Placing API Gateways and LoadBalancers (Gateways) outside of the k8s cluster has significant feature and operational benefits. We have developed an external API Gateway and LoadBalancer for k8s that interoperates with both Cloud providers and on-premise clusters.

k8s controller for the ServiceAPI (LoadBalancer) and the GatewayAPI
Operate with Cloud Providers and on-premise clusters
Multi-tenant
Transparent to NAT’s and Firewalls
Fully configurable Proxy Engine
IPv4 & IPv6
Performance & reliability by design

User Operation.

A cluster user creates either an L7 API Gateway or an L4 TCP proxy using the GatewayAPI, or L4 (tcp/udp) proxy using the Service API. All operations result in the creation and programming of proxy engines instantiated in the external gateway. The configuration of gateways is based upon in-cluster and external gateway configuration. In addition to creating the gateway the External Gateway allocates IP addresses, updates DNS information and configures the External Gateway network to advertise the public address.

Gateways are created on demand from configuration templates stored in the External Gateway, and each gateway’s configuration is stored in a custom resource on the External Gateway. The configuration on the k8s Gateway depends upon the k8s cluster API used, however the platform design separates the configuration and operational tasks of k8s cluster user, k8s cluster managers and Gateway, Network or Security engineers.

Once configured, requests are received by the external gateway proxy instances and forwarded directly to POD’s hosting the applications, no proxies are required in the target clusters.

Platform Components.

A number of core and ancillary components are used to create and integrate the Gateway platform with Kubernetes.

k8s Controller

A single controller enables the creation of Gateways using either the Gateway API for API gateways or the Service API for LoadBalancers.

The benefit of using the k8s APIs is that each of these mechanisms are part of the standard k8s APIs therefore cluster users requesting gateways do not need to understand propriety configuration. A user requiring a simple LoadBalancer can use the Service API, where an API Gateway is required with http routing, the gateway API is used. Using one controller leveraging both standard APIs is an important part of limiting the complexity in the operational workflow.

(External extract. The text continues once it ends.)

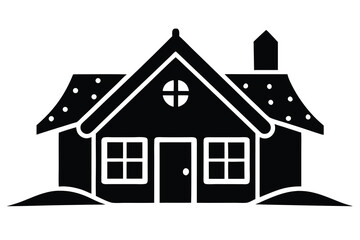 snowy house vector icon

The specific external gateway configurations are contained in the Gateway Platform as creation templates. The in cluster controller uses custom resource templates for Gateway creation. This enables standardized gateway configurations separating detailed gateway configuration from k8s cluster operating enabling cluster users to create predefined gateways on demand.

Gateway Platform

The Gateway platform itself runs a simplified upstream version of k8s as its control plane foundation providing configuration management and storage infrastructure. The cluster controllers communicate with the gateway; using k8s in the Gateway created a common API structure simplifying the development of all of the components and providing a common infrastructure to manage. k8s manages the creation of the Gateway proxy instances but the CNI does not provide the traffic forwarding path. k8s also provides isolation necessary for multi-tenant operation and contributes to gateway platform redundancy.

Gateway Controllers

k8s controllers implement the Gateway Platform. They implement the API used by the k8s cluster controllers and the infrastructure that manages the interaction with k8s, configuration, storage and creation of the gateways. These controllers also implement IPAM for the public IP addresses allocated to Gateways.

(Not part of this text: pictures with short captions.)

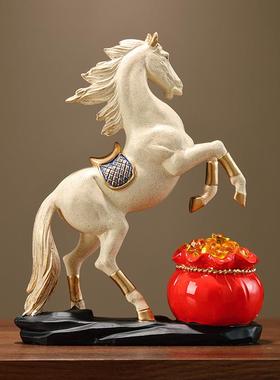 马上有钱招财马装饰摆件高档客厅玄关电视柜桌面马到成功开业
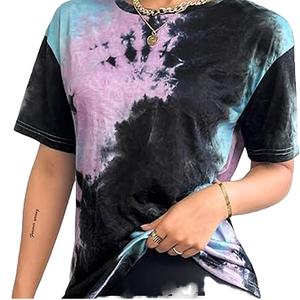 เสื้อยืดผู้หญิงลายมัดย้อม คอตตอนนุ่ม คอกลม สวมใส่สบาย รับสกรีนโลโก้ เสื้อผ้าแฟชั่นฤดูร้อนสำหรับใส่ในชีวิตประจำวัน - Product Image 1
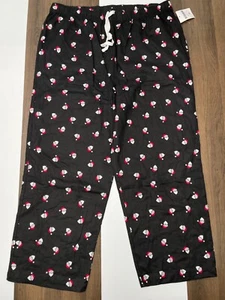 NEW Forever 21 + Womens Size 3XL Black Santa Pajama Pants PJs Drawstring NWT - Picture 1 of 11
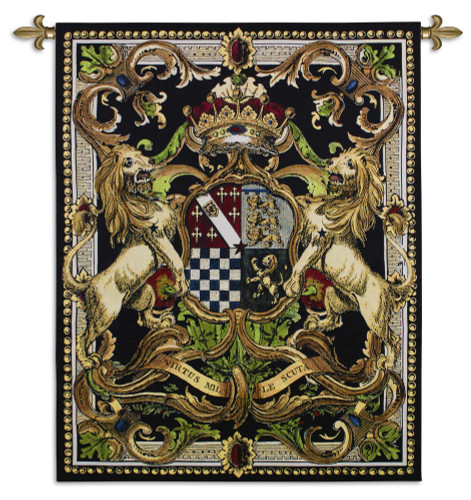 Crest on Black II | Woven Tapestry Wall Art Hanging | Medieval Royal Heraldic Crest | 100% Cotton USA Size 53x41 Wall Tapestry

Each Gateway platform node also requires configuration undertaken on the host, this includes the configuration of gateway-k8s-node transport, and IP route management, there is a daemonset controller on each node responsible for this configuration.

Proxy Engine

There are lots of proxy engines to choose from, however the two most prevalent general purpose proxies for k8s are Nginx and Envoy. Our platform is designed so it can support any proxy engine but infrastructure is required to configure a proxy engine variant. Both were considered however Envoy was a better fit with a modern configuration interface and complete (non-paywall) feature set.

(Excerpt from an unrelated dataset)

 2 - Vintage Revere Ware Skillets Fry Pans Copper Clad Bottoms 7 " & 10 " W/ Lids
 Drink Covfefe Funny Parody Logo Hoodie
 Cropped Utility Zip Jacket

Envoy‘s xDS configuration configuration API enables the proxy to be configured dynamically. This includes startup configurations and changes to downstream target clusters as the controller adds and removes downstream k8s cluster pods.

The Gateway Platform can support multiple versions of Envoy. Each version, either standard or a custom build is placed inside a container configured for use with the Gateway. This way any and multiple versions of Envoy can be supported.

Proxy Engine Configuration

During the creation of each tenant namespace two controllers are created that provide the initial proxy bootstrap and operational configuration. The Gateway custom resource (CR) created from the Gateway template CR embeds Envoy configurations in their native form with go templates containing information populated by the Gateway controllers, such as downstream endpoints.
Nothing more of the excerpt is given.